Starting in the west, driving east towards Satara, just outside Orpen there are open plains for about  8-9 km, attracting large numbers of the plains type game, including amongst others, Blue wildebeest, impala, zebra, and giraffe.  Early mornings are good for spotting leopards, usually resting up in the bigger trees. Warthog families are common on the roadside and these open plains are also a great place to search for Black-backed jackal.

Proceeding further along you leave the open plains and along the Timbavati River it becomes extremely dense and forest-like. In the riverbed you can search for elephant and buffalo, whilst along the road you should encounter baboons. This is the most scenic part of the H7 with three viewpoints, one about 25km the other approximately 29km from Orpen gate, in Bobbejaankrans (Afrikaans for baboon cliff) and lastly Nsemani dam close to Satara. The second of these three viewpoints called Bobbejaanskrans, you can alight from your vehicle.

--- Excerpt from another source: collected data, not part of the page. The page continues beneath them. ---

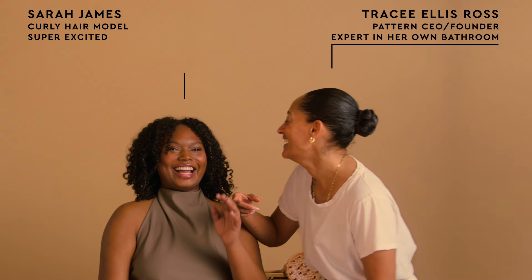Hi, I'm Tracee Ellis Ross. I'm sorry, who are you? I'm Sarah James. This is Sarah James.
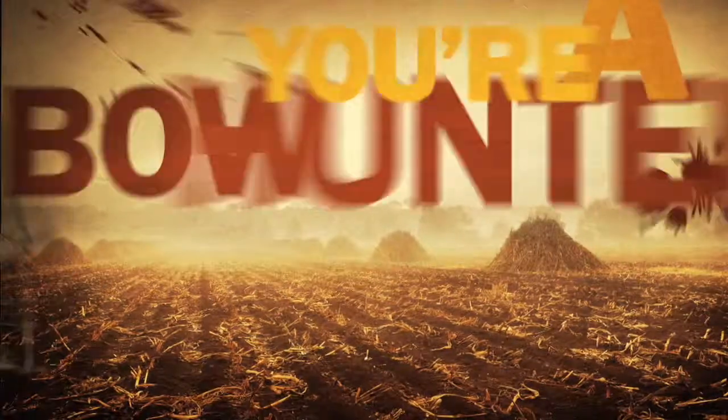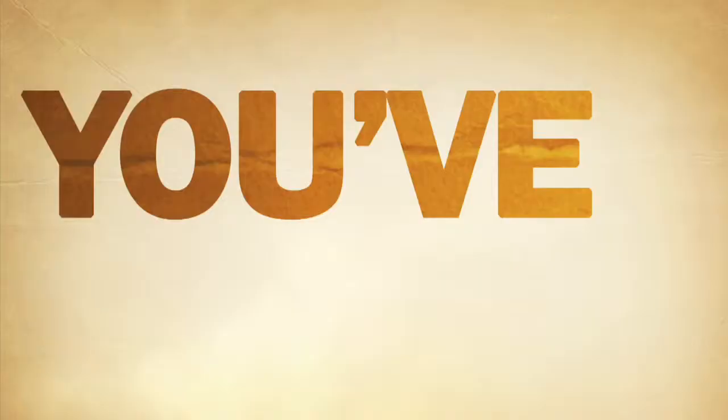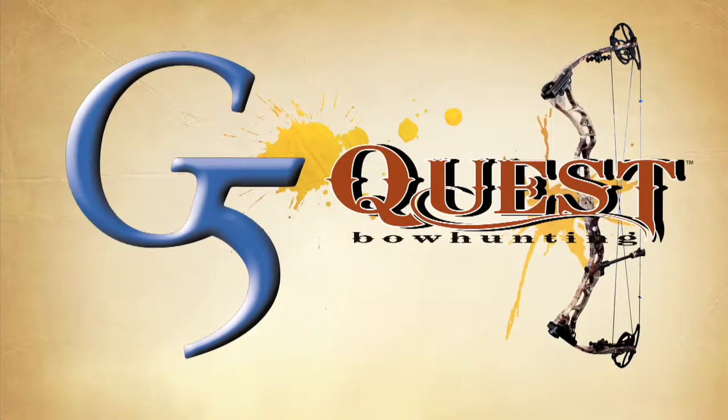You're not just a hunter. You're a bow hunter. You work hard. You hunt harder. That's why you trust G5. You've shot their broadheads. You've depended on their accessories. You know good equipment when you use it. And that's why G5 makes Quest bows.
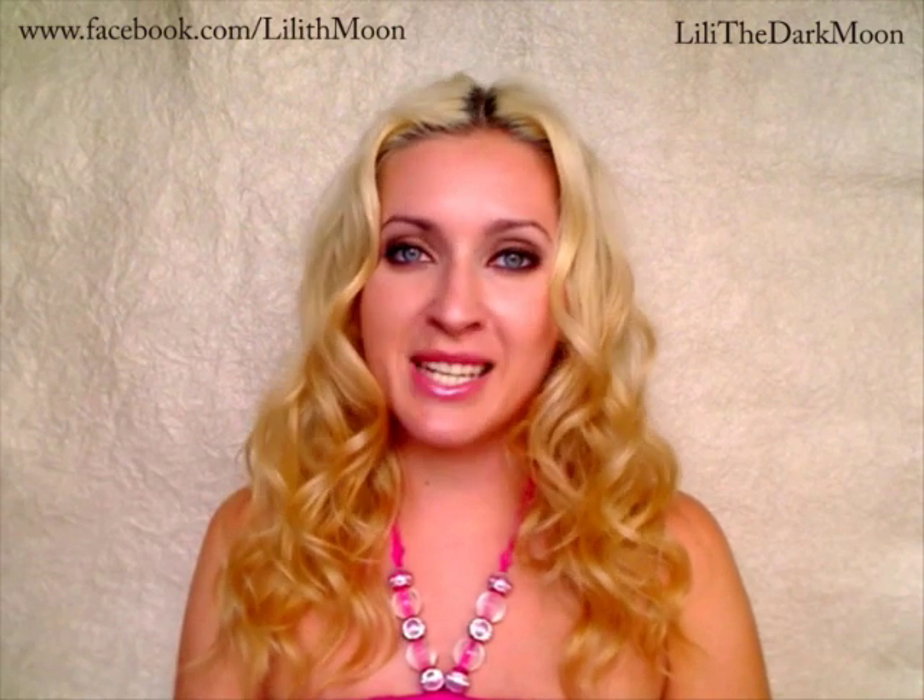Thank you very much for watching, and I hope that you enjoyed the tutorial and will start practicing the mentioned techniques. Bye-bye!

It provides a spectacular view as you look down over the Timbavati River. Driving east from Bobbejaankrans, you re-enter open country. Along the H7 at the junction where the gravel roads S39 north and the S36 south split, well seasoned travellers through the park report excellent sightings of cheetah.

The Nsemani dam, a short distance from Satara, is great for sightings of waterbuck and you generally will find hippos in or around the water along with small antelope, like steenbok and duikers. Leopards are also regularly seen in the bush surrounding the dam. Nsemani Dam is home to a great variety of birds, including Egyptian and Spurwing geese, African fish-eagles, African spoonbills, Blacksmith lapwings, Grey herons and Red-billed buffalo weavers.
Although the H7 can get rather busy, it is at least not quite as busy as the main tar roads around Skukuza or Lower Sabie in the south.

The H7 is 88 kilometers (55 miles) long.